Extracted data →
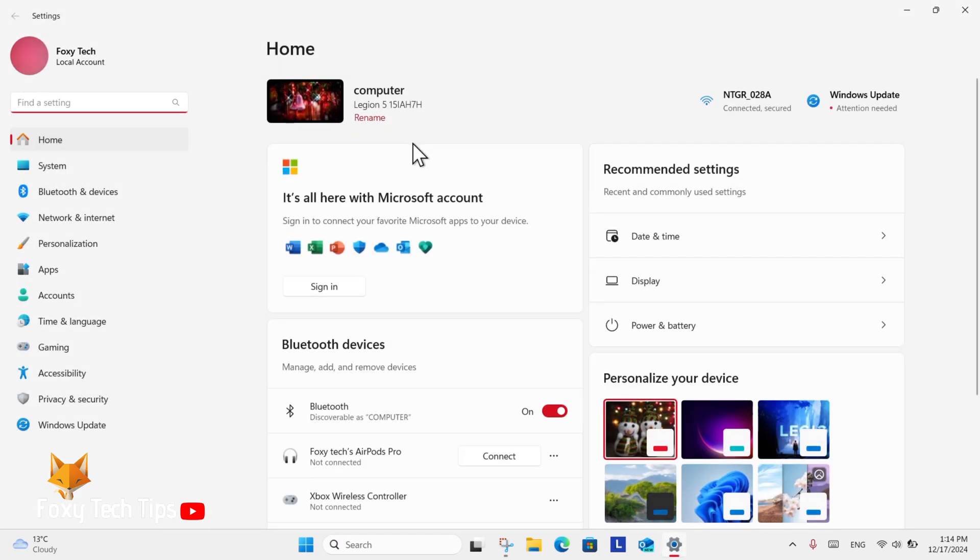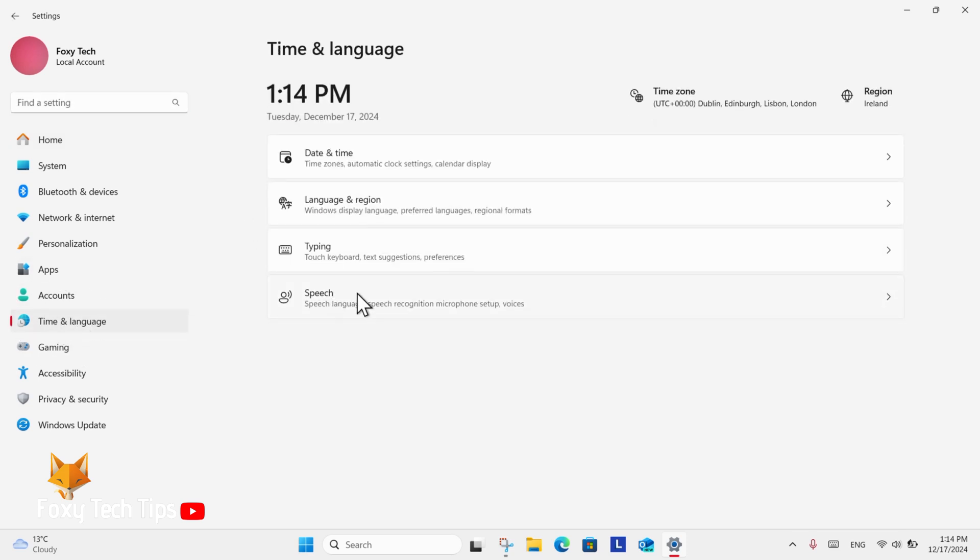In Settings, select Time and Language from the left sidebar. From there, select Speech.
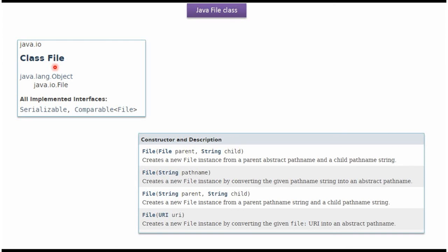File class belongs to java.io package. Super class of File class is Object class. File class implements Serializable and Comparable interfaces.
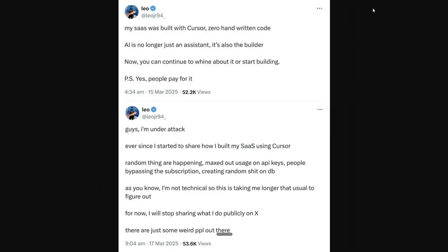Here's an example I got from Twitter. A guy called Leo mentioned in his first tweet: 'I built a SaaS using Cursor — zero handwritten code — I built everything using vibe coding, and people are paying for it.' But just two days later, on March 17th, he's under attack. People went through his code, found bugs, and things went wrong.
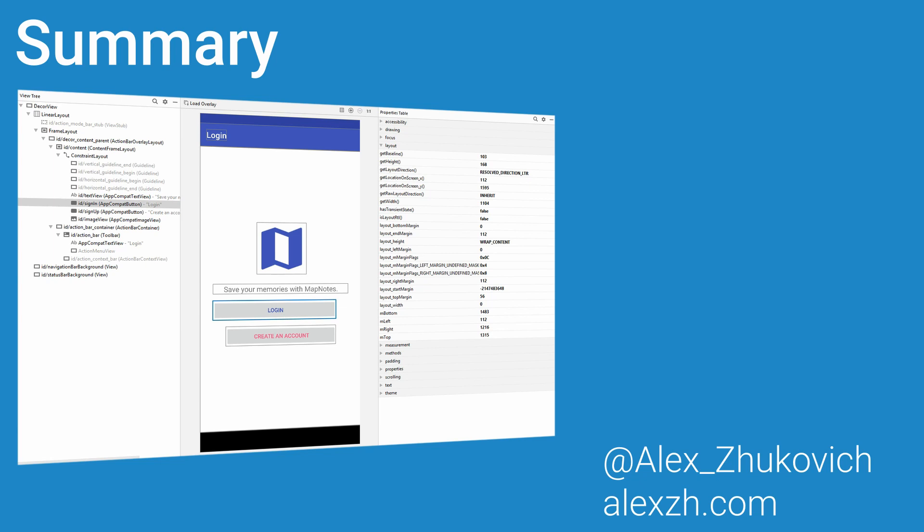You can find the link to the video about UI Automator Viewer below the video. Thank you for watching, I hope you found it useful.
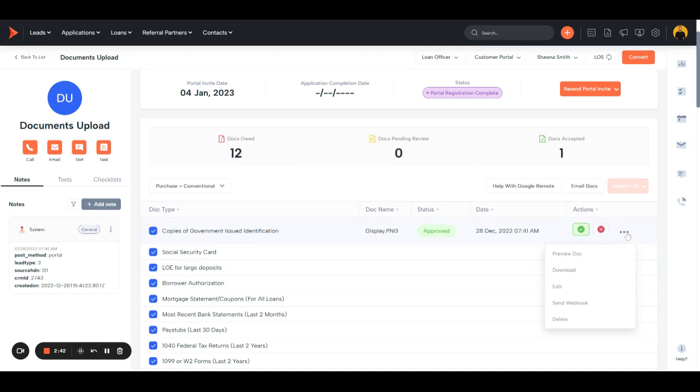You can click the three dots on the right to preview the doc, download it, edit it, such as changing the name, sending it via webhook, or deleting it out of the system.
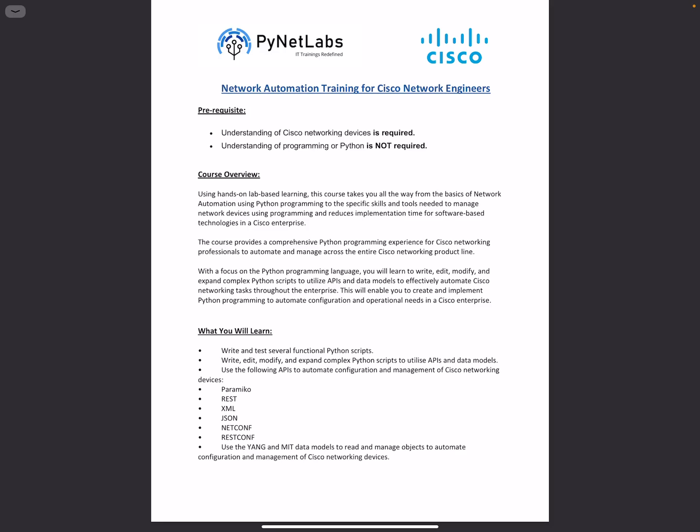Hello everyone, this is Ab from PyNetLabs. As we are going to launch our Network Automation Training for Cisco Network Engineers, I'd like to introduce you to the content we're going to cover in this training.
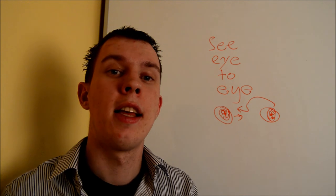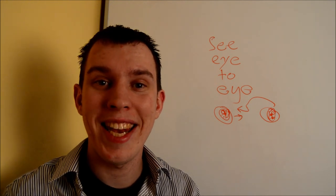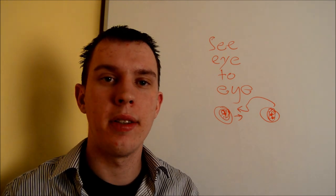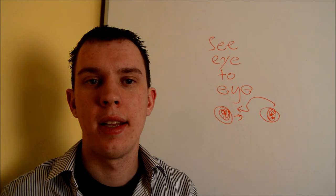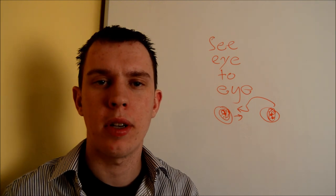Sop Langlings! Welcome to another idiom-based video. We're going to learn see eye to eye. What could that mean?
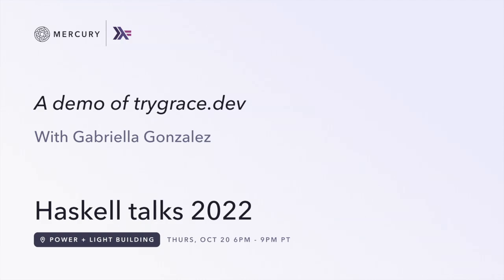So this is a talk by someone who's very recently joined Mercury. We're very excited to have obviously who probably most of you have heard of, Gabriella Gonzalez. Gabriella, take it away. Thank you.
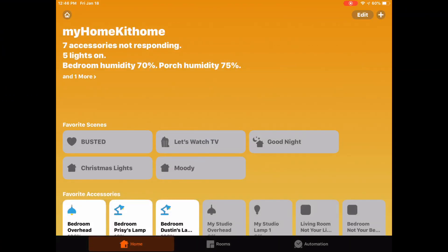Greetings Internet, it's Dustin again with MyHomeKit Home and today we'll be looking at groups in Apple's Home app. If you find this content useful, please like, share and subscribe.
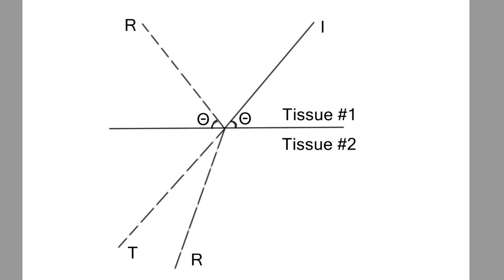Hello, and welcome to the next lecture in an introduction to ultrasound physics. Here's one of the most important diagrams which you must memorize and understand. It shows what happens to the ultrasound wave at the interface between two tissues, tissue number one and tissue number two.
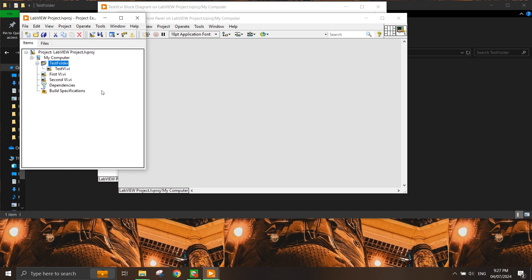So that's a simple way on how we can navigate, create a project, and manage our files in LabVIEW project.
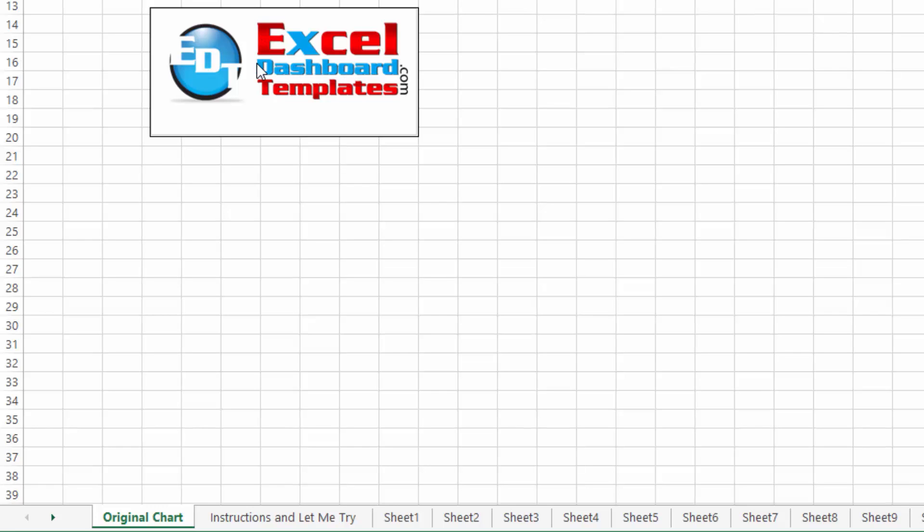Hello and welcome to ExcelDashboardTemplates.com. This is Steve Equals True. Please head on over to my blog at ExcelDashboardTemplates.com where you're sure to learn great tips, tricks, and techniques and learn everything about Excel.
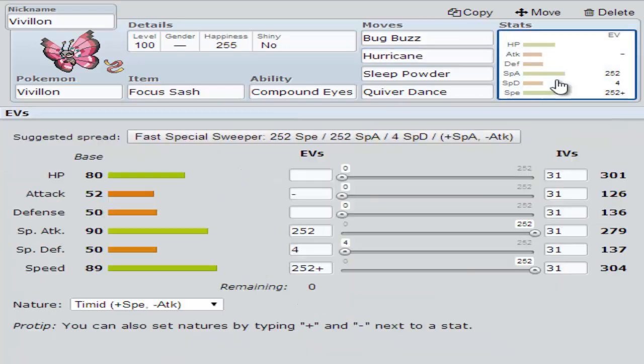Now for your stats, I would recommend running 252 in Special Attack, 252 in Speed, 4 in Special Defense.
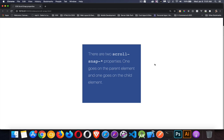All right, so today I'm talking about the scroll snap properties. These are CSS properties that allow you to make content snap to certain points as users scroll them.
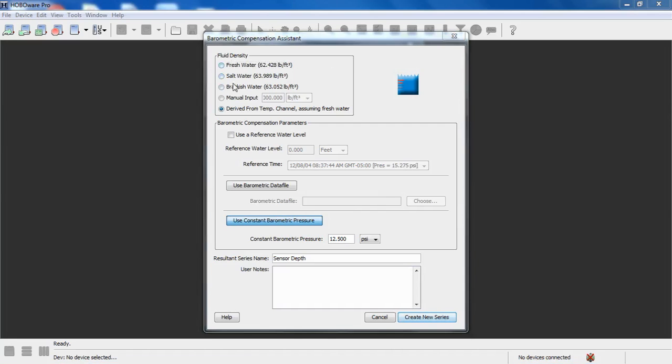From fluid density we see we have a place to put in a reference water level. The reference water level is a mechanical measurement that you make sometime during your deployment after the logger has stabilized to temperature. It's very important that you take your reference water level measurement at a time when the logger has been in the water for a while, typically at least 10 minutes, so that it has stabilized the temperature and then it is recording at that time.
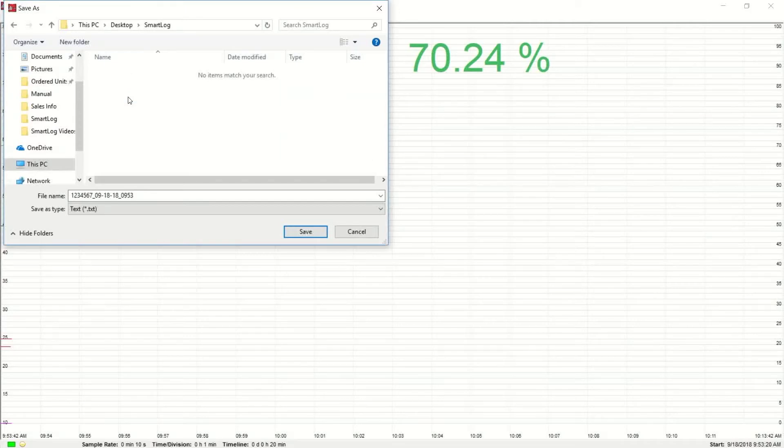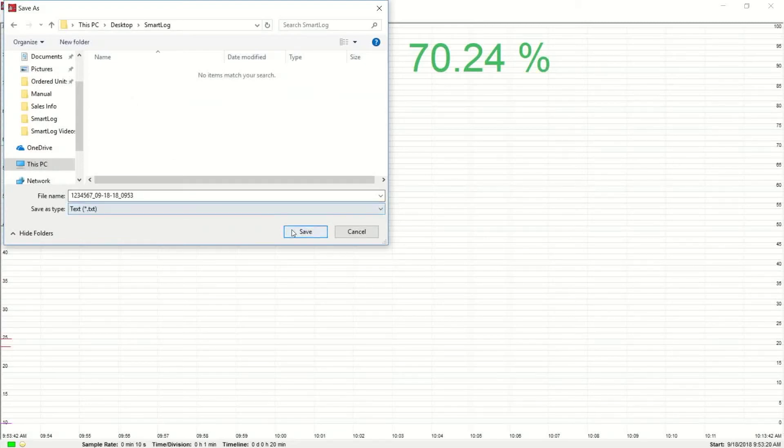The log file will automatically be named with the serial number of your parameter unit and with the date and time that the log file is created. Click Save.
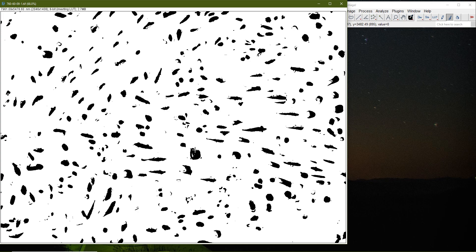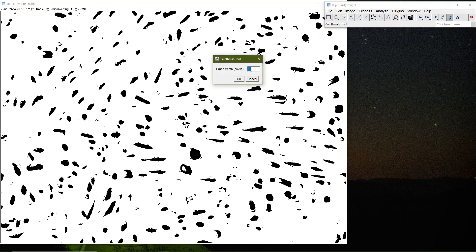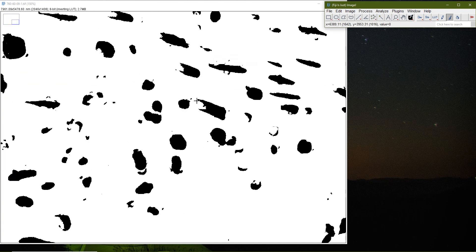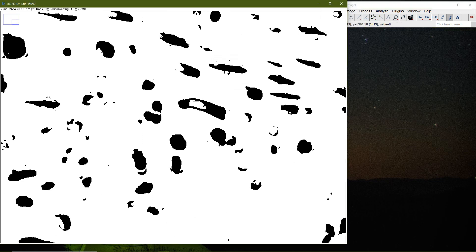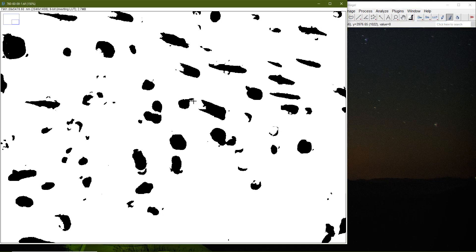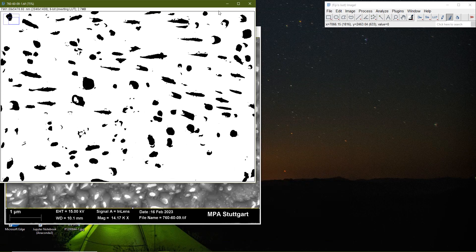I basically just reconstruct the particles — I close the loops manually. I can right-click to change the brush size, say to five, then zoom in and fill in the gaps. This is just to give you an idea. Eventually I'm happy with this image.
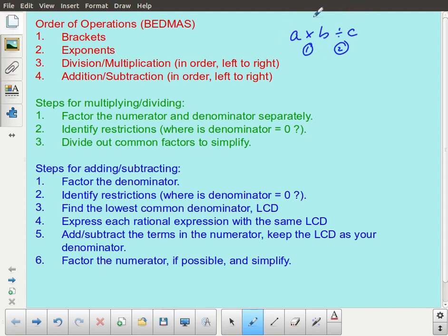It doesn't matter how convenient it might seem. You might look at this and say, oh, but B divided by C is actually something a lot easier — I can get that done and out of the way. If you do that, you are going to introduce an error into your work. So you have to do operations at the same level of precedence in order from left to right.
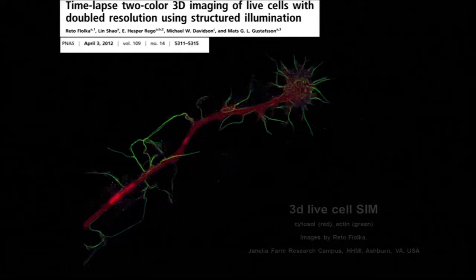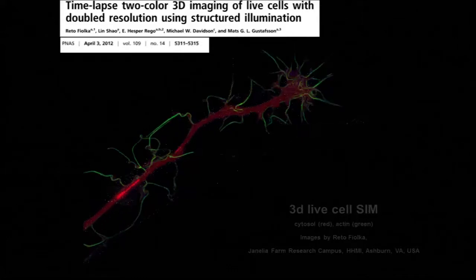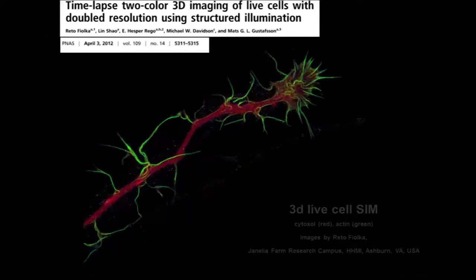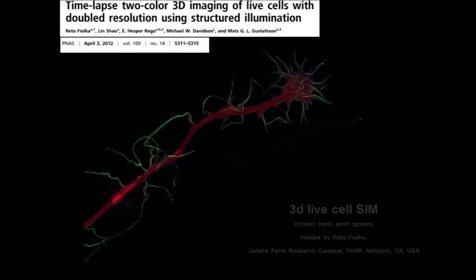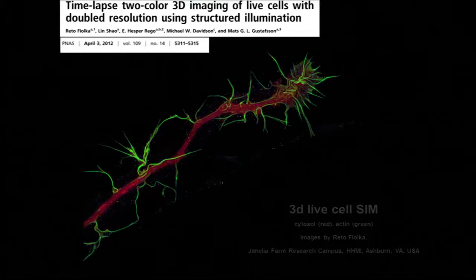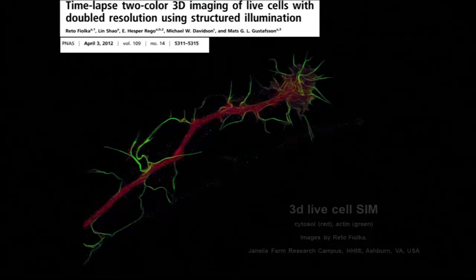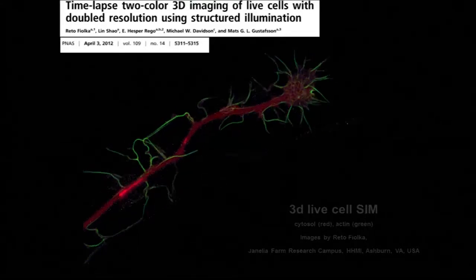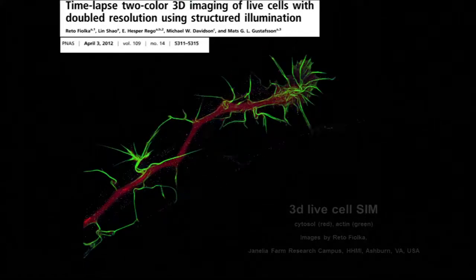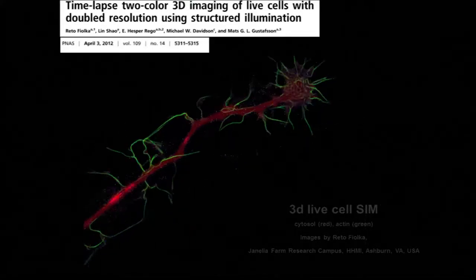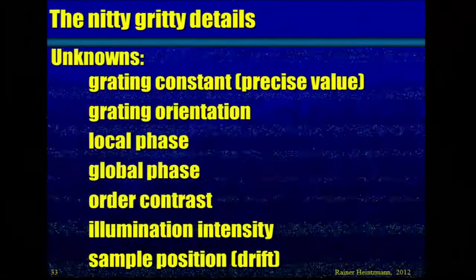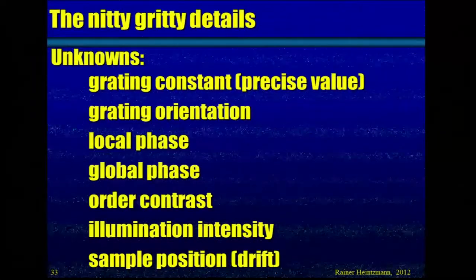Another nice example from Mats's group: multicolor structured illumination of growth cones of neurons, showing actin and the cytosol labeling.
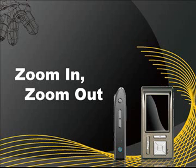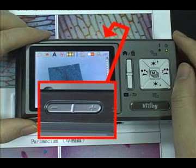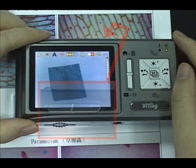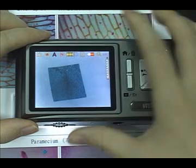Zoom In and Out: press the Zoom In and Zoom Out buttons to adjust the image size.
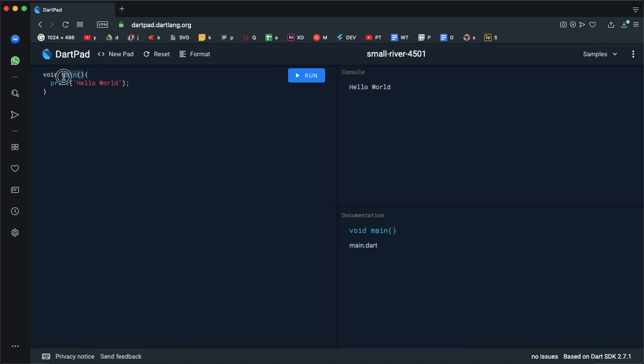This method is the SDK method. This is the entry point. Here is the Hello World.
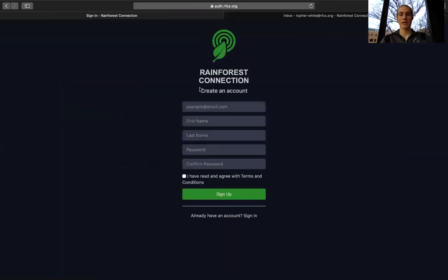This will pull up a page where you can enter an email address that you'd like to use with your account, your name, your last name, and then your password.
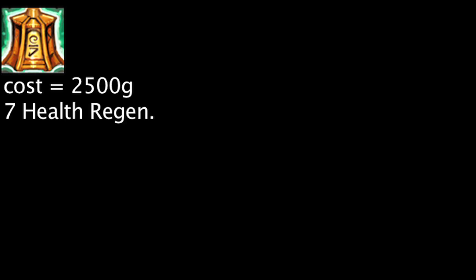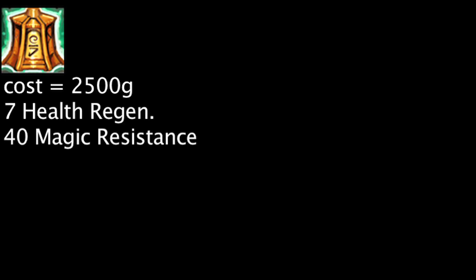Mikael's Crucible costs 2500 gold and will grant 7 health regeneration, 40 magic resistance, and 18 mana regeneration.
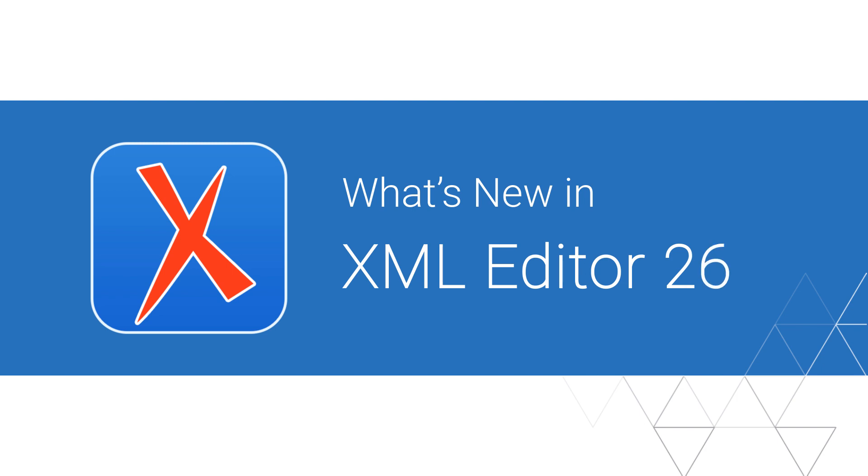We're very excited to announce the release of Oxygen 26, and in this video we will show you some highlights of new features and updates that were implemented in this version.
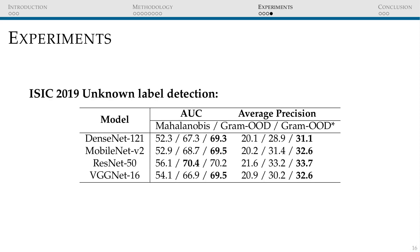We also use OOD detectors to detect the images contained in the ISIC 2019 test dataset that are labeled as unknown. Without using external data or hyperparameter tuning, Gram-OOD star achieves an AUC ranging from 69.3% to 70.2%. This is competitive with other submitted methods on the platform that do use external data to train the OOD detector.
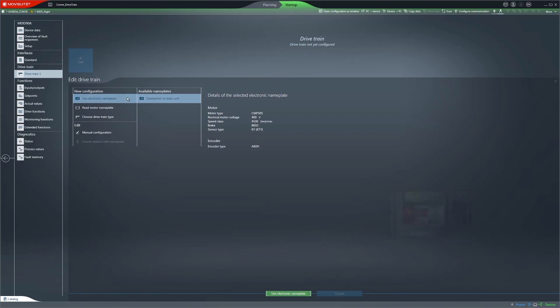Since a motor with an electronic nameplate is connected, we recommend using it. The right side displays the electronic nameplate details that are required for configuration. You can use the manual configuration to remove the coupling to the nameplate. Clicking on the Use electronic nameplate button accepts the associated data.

Work task →
Return exactly the lines that appear in the data above between the line containing "You can click" and the line containing "Now for your", both of which are included, and leave the pictures out.

Reply →
You can click the three dots on the right to preview the doc, download it, edit it, such as changing the name, sending it via webhook, or deleting it out of the system.
Hello everyone, this is Ab from PyNetLabs. As we are going to launch our Network Automation Training for Cisco Network Engineers, I'd like to introduce you to the content we're going to cover in this training.
Sop Langlings! Welcome to another idiom-based video. We're going to learn see eye to eye. What could that mean?
So this is a talk by someone who's very recently joined Mercury. We're very excited to have obviously who probably most of you have heard of, Gabriella Gonzalez. Gabriella, take it away. Thank you.
Greetings Internet, it's Dustin again with MyHomeKit Home and today we'll be looking at groups in Apple's Home app. If you find this content useful, please like, share and subscribe.
Hello, and welcome to the next lecture in an introduction to ultrasound physics. Here's one of the most important diagrams which you must memorize and understand. It shows what happens to the ultrasound wave at the interface between two tissues, tissue number one and tissue number two.
So that's a simple way on how we can navigate, create a project, and manage our files in LabVIEW project.
Hello and welcome to ExcelDashboardTemplates.com. This is Steve Equals True. Please head on over to my blog at ExcelDashboardTemplates.com where you're sure to learn great tips, tricks, and techniques and learn everything about Excel.
Now for your stats, I would recommend running 252 in Special Attack, 252 in Speed, 4 in Special Defense.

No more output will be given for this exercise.